2. About "Multiple File Tables". Whats the order of data inside them?
3. What about simple file format change: add column at the end. Will data from older files be visible in "Multiple File Table" as null?
Answer
I am not sure I understand what you wish to do. A multiple CSV CONNECT tables can be defined on a set of csv files and will process them as if they were one table. There is no need for "loading" because CONNECT directly reads the source data. Of course it can also be used to load these data in another engine table by something such as:
insert into other_engine_table select * from connect_csv_table where some_clause;
However some points are:
1. CONNECT multiple tables are not indexable. They are read only either. This means that inserts must be made by an external application.

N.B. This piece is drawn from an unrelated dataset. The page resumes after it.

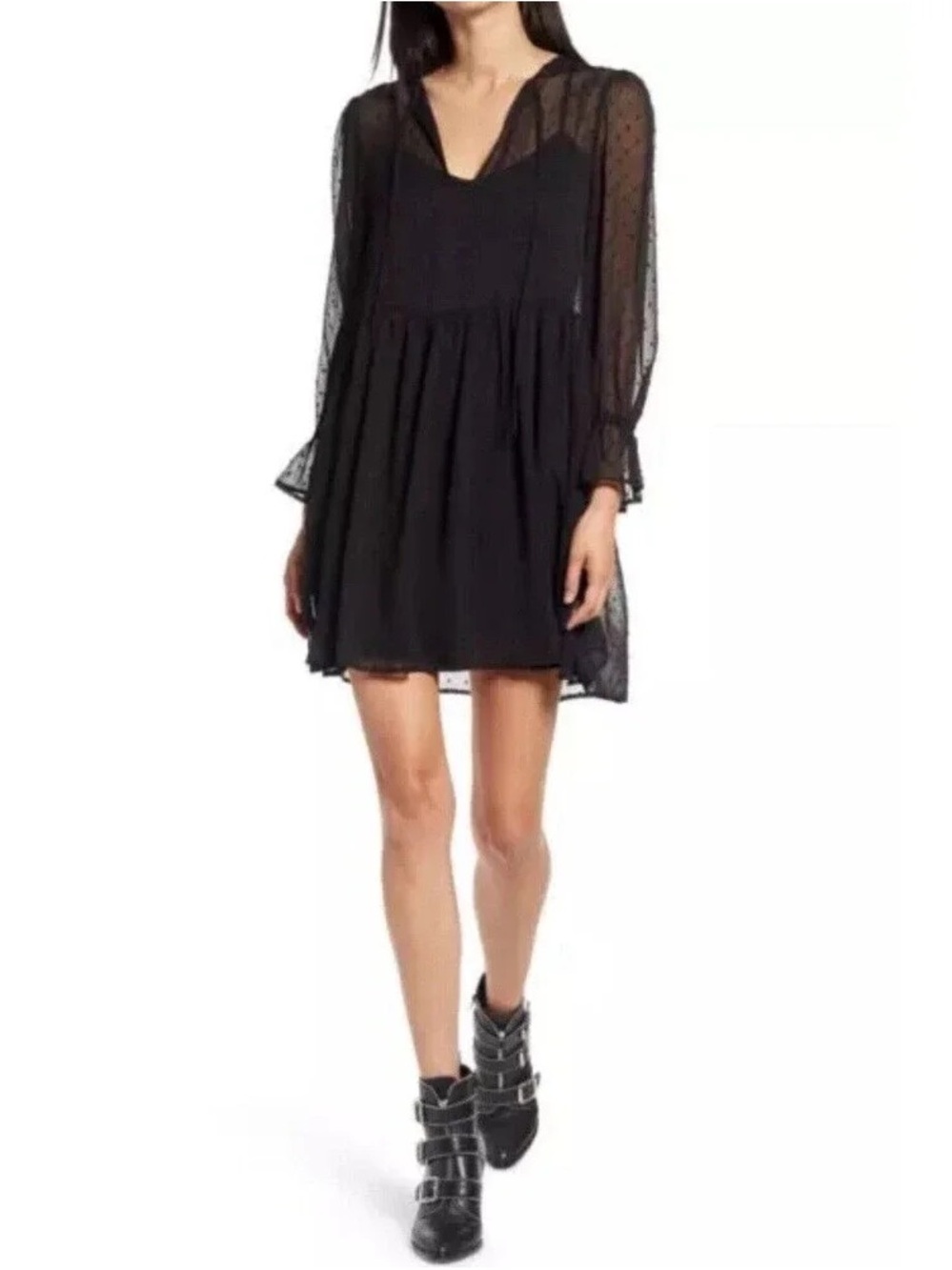 WAYF Black Swiss Dot Long Sleeve Mini Dress Sheer Babydoll Size Small *NWT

2. The ordering of data depends on the collation ordering of the file names. Reading them is sequential, therefore data are always retrieved in the same order.
3. Adding new columns makes older files wrong, not having the required number of field. However, this can be fixed using the table options MAXERR=n (n being large enough, for instance INT_MAX32) causing n wrong lines not to raise errors, and ACCEPT=1 causing these lines to be accepted with the missing columns set to NULL.
Query pruning can be done using a where clause on an added FILEID special column.
A much better option in your case would be to use a partitioned CONNECT CSV table. Updating and inserting could be done via MariaDB/CONNECT with automatic updating of eventual indexes. Repartition into files could be made automatic based on the day and query pruning would also be automatic.
The current version of CONNECT does not yet support partitioning but I am working on it and it should be supported in future versions.